It is a great tribute to the organisers that these shows are still going, be they in slimmed down form.

The animals may be fewer. But they are still there. Mainly in some sort of plastic or synthetic fur on some of the sideshows. The Hook A Duck stall, the various other charity stalls were crammed with cuddly toys. If other parents are like myself, they will have a house crammed full of furry animals.

But there were a large amount of dogs on leads. Some on their way to the dog show. Most on the arm of their owners, who were either enjoying the day out or refusing to pay the fees for a dogsitter. There was every breed, evrery nature - aggressive - fighting - gentle - kind. Multiple bottom sniffing, barking and the occasional growl and snarl resonated around the showground.

My own Patterdale/Lakeland Cross 7 month old terrier puppy, Cedric disgraced himself. In the middle of the arena, he decided to try and do his business. He assumed the position and I dragged him as fast as I could towards the hedgerow. But too late. He must have dropped a couple of items as we headed towards the bushes. Before I knew it, my path was barred by a young-ish lady in an astroturf green and flowing dress.

'Do you have a doggy bag?' she demanded in brusque Hyacinth Bucket (pronounced Bouquet) tones.

'Er, no..' I said, feeling a little unsure about this overwhelming presence of do-gooding modern motherhood, standing in my way.

'Thought not,' and she thrust a handful of miniature black bin liners into my hands. She then grabbed me by the arm and led me over to where Cedric had let the smallest of pellets drop.
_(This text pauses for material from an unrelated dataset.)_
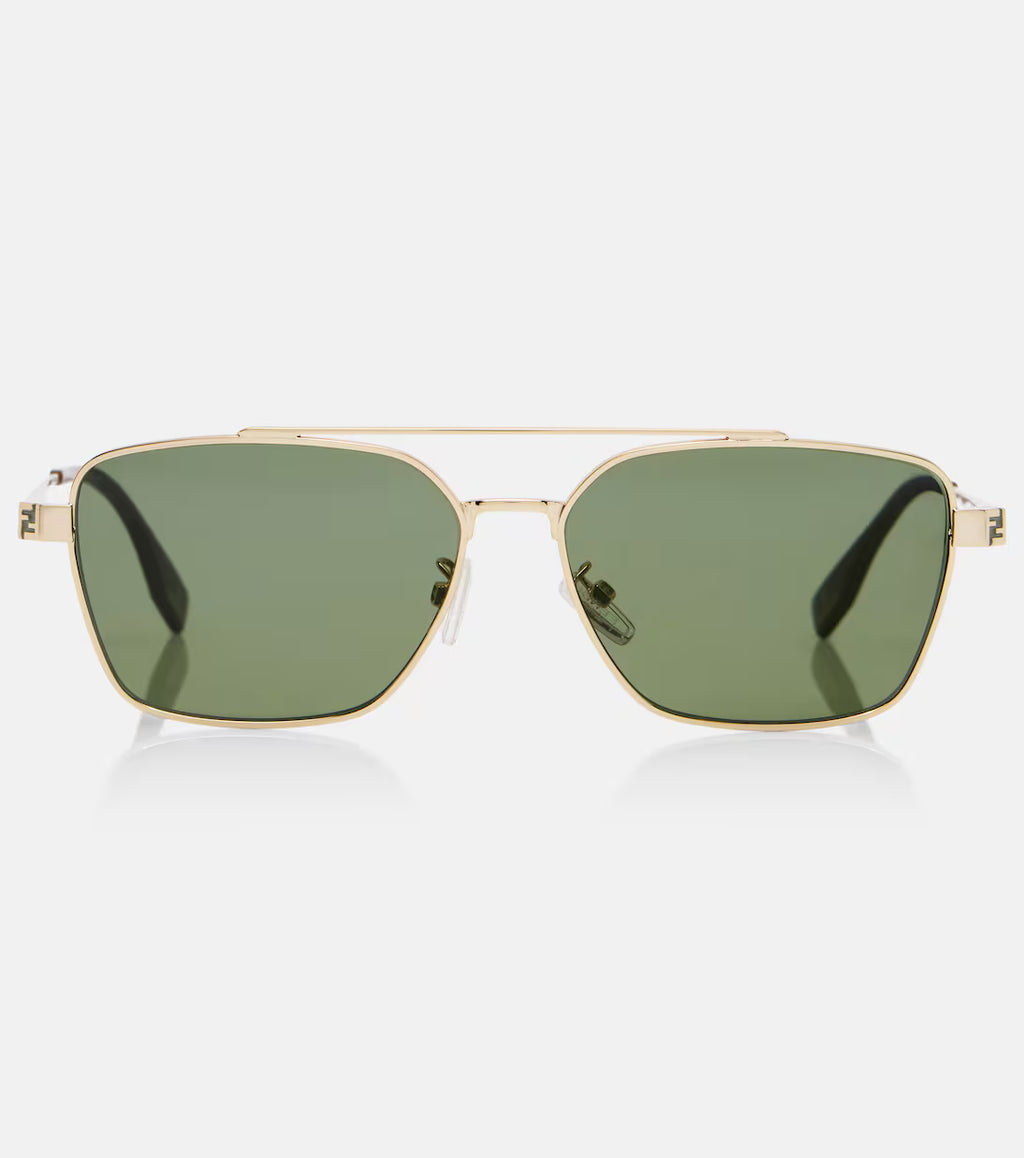 Fendi Fendi Sky navigator sunglasses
'Yes...I think there is one here... and one over there.'

She was quite right to point out Cedric's misdemeanour. And I had no problem in picking up the mess - I always do. It was just the domineering way she did it - as her self-importance got the better of her. It is something I find I see more and more of - modern day Leninism - where there is someone hiding behind a lamppost, ready to jump out and tell someone what or what not to do. Usually they say...

'You can't do that. It is inappropriate behaviour.'

Then again - it must be a generational thing. I tugged my cap down over my forehead and decided the appropriate thing to do was head off to see the Dancing Sheep display. They would be less critical.

On the way I stopped at the Cumbrian Wrestling arena. To men, stripped to the waste were grappling each other, their legs intertwined. As they fell to the ground, there was a sound like a rifle shot being discharged. One of the contestants had broken a bone in his leg or ankle. It was a good thing for the show as it provided the best attraction of the day as the Air Ambulance circled several times over the showground, searching for a place to land.

It was free and as one farmer said as we left, ' a cracking day was had by all.